Man muss das Rad nicht immer neu erfinden. Mit Destroyer beweist Hollywood, dass auch altbekannte Handlungsmuster noch unterhalten können, wenn man sie richtig umsetzt. Lest in unserer Kritik, warum das den Machern hier gelungen ist.
von Susanne Gottlieb, 22. 3. 2019
In Destroyer schickt US-Regisseurin Karyn Kusama Nicole Kidman als gebrochenen Cop auf einen Rachefeldzug gegen eine Gruppe Bankräuber, gekoppelt an eine schmerzliche Reise in die eigene Vergangenheit. Der Film kommt ohne allzu große inhaltliche Überraschungen daher, ist aber solide gemacht und versteht es, Altbekanntes ausreichend aufzumischen. Man weiß zwar genau, was als nächstes passiert. Es belibt aber trotzdem von Anfang bis zum Ende spannend.
Heute hat der Film seinen Kinostart. In unserer Filmkritik lest ihr auf heldenderfreizeit.com, warum sich der Weg ins Kino durchaus lohnt. Übrigens: Dieses Wochenende startet auch der fantastische neue Horrorfilm von Jordan Peele WIR – lest hier unser Review.
LAPD-Detective Erin Bell (Nicole Kidman) schlurft nicht nur im Schritt und wirkt verwahrlost, sie ist es auch emotional. Vor rund 20 Jahren, als sie mit ihrem Partner Chris (Sebastian Stan) Undercover in einer Bankräuberbande eingeschleust war, ging eines Tages alles schief und Menschen starben. Die Täter tauchten unter. Ein Ereignis, für das Bell sich selbst die Schuld gibt. Nun scheint es, als sei Anführer Silas (Toby Kebbell) wieder in LA aufgetaucht. Eine Leiche mit der Bandentätowierung und einem verfärbten Geldschein aus jenem letzten fatalen Bankraub taucht entlang verlassener Gleise auf.
Bell, die von ihren Kollegen aufgrund ihrer Schroffheit und Probleme mit Argwohn betrachtet wird, klingt sich aus der Polizeimaschinerie aus und beginnt auf eigene Faust zu ermitteln. Auf ihrer Suche nach Silas arbeitet sie sich langsam von einem ehemaligen Bandenmitglied zum nächsten vor, während sie gleichzeitig versucht, ihre rebellische Tochter davor zu bewahren, auf die schiefe Bahn zu geraten. Aber da ist noch etwas, was sie quält. Ihr Gedächtnis wird immer wieder von Erinnerungen geflutet. Von einer Zeit, als sie noch jung und abenteuerlusig war. Als die Undercover Mission nicht nur ein Job, sondern eine Chance war, sich selbst etwas zu beweisen und im Leben eine Abkürzung zu nehmen. Nebenwirkungen inklusive. Sich diesen Konsequenzen zu stellen, das wird das Ziel von Erins letzter großer Ermittlung.

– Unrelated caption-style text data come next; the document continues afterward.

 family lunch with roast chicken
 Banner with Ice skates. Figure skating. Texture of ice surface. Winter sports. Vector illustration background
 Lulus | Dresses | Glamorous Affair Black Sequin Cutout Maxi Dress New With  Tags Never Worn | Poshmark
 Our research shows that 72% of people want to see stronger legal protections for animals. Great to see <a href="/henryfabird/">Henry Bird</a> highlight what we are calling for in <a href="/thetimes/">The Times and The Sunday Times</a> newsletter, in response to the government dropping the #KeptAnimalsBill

Destroyer hätte alle Karten in der Hand gehabt ein Krimi zu werden, der gebeutelt ist von Vorhersehbarkeiten und Standardsituationen. Glücklicherweise entgeht er diesem Schicksal. Regisseurin Kusama versteht es, die Aufmerksamkeit des Zuschauers von der Frage „Was passiert?“ zu „Wie passiert es?“ umzulenken und ihm eine generelle Anerkennung abzuringen, wie unglaublich die Aging und De-Aging Prozesse der Figuren sind. Man könnte glauben, Kusama hätte eine Zeitmaschine angezapft, so überzeugend wandern Kidman, Stan, Kebbell und ihre Co-Stars optisch zwischen zwei Jahrzehnten hin und her.

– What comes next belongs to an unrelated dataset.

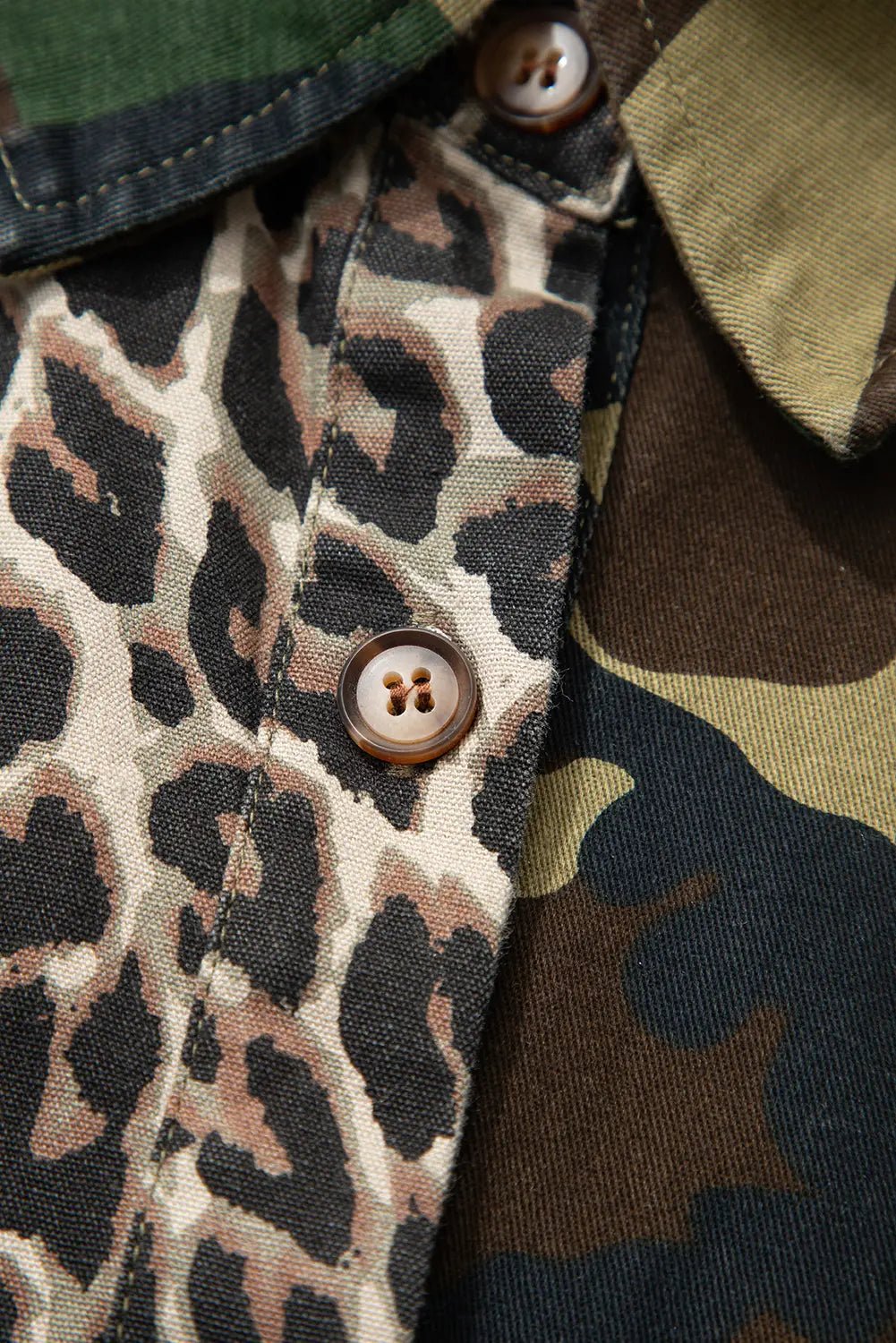 Close-up of a button on a garment with leopard print and camouflage patterns.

Destroyers gespenstischer elektronischer Soundtrack erinnert manchmal ein wenig an Trent Reznor. Mit ihm und dem immer wiederkehrenden Fokus der Kamera auf Kidmans Gesicht (in einem Meer aus Hektik um sie herum) entwickelt der Film eine eigene Sprache. Die hebt ihn von der Massenwaren an Crime-Dramas ab. Kusama weigert sich auch, ihm den genretypischen ausgewaschenen Look zu geben. Ihr LA strahlt in den warmen Farben der Sonne, den Grautönen seines Asphaltdschungels und dem bunten Farbtrubel einer unbeschwerten Vergangenheit.

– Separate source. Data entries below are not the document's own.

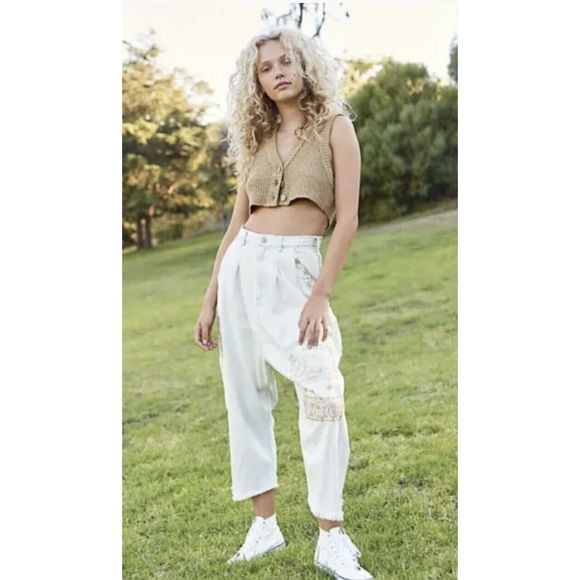 Free People North Star Patched Harem Jeans Size 26 - Picture 4 of 7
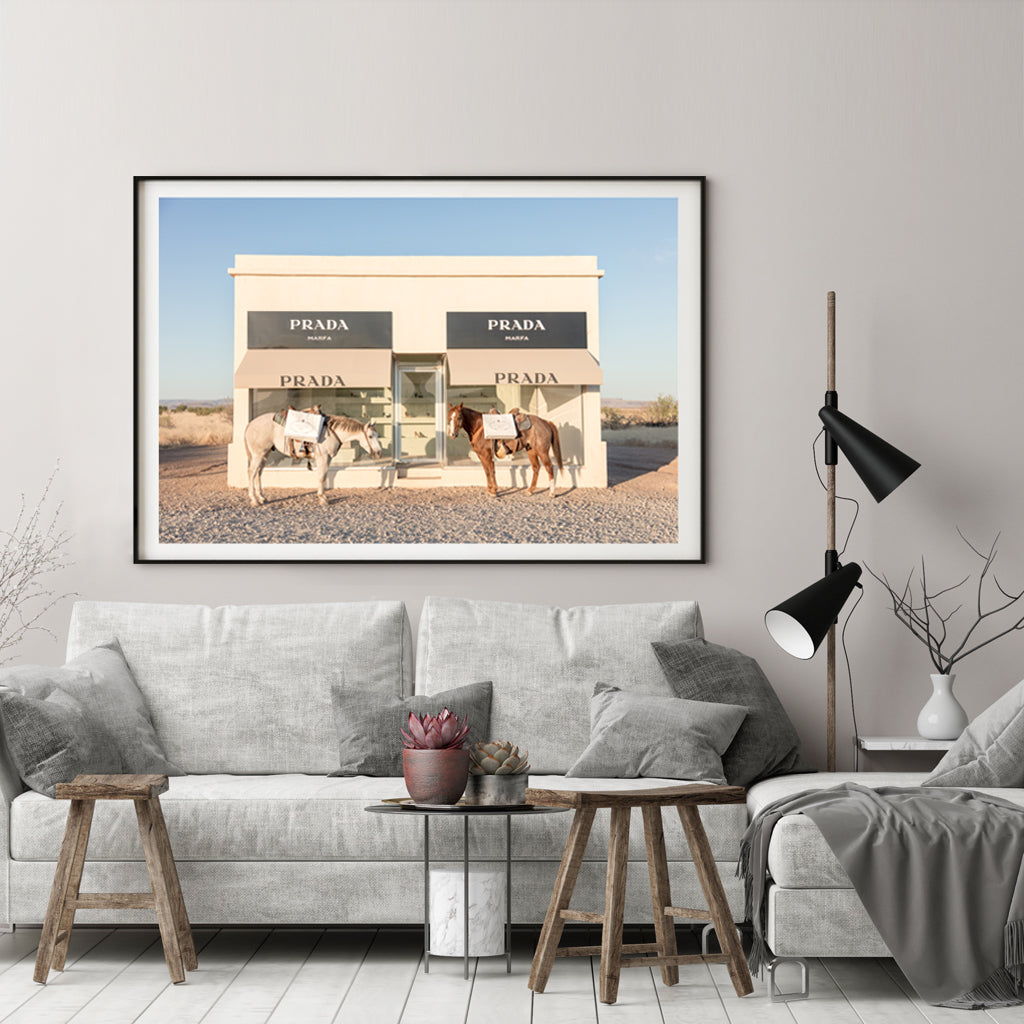 Wall Art 50cmx70cm Horses Fashion Black Frame Canvas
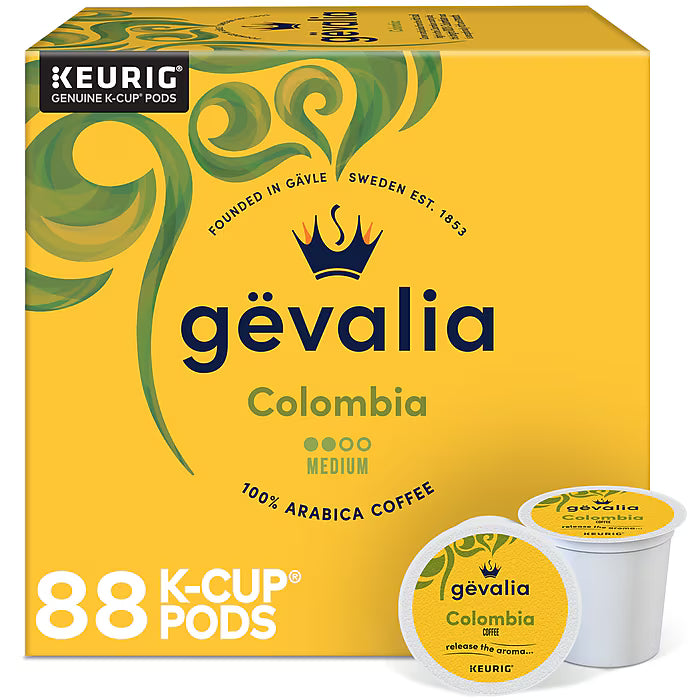 Gevalia Colombia Coffee K-Cups, 88 count, in packaging, designed for Keurig coffee makers, featuring Colombian coffee beans.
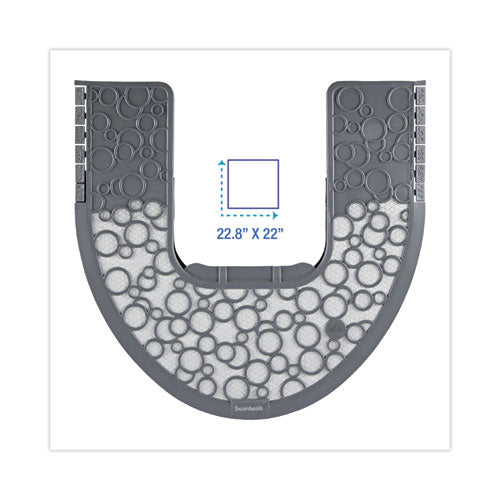 Image of Boardwalk® FCMP000I006M0021430GRY Commode Mat 2.0 Disposable Toilet Floor Mat, U-Shaped, Gray/White Non-Slip Surface, 22" x 22", 6/Carton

Doch die wahre Geheimwaffe des Films ist Kidman selber. Sie beweist, dass manche im Alter immer besser werden. Gebrochene Figuren sind für sie nichts Neues, gewann sie doch schon den Oscar für The Hours und einen Emmy, Golden Globe und Screen Actor Guild Award für ihre Arbeit in der Serie Little Big Lies. Nun darf sie erneut unter einem Haufen Make-up ihr volles Repertoire entfalten und eine Frau porträtieren, hinter der sich mehr verbirgt als eine bemitleidenswerte Figur, die mit ihrer Existenz hadert. „Ich sehe was du bist,“ erklärt ihr Silas in einem Flashback. Dem Zuschauer wird auch bald klar werden, was damit gemeint ist.
Destroyer ist ein kurzweiliger unterhaltsamer Film, der von seiner kreativen Machart und einer herausragenden Hauptdarstellerin lebt. Die Handlung entpuppt sich zwar als etwas vorhersehbar und entlang bekannter Klischees operierend, der Unterhaltung tut dies aber keinen Abbruch. Es wäre zu wünschen, dass mehr Krimidramen sich so viel Mühe geben würden wie dieser Film. (sg)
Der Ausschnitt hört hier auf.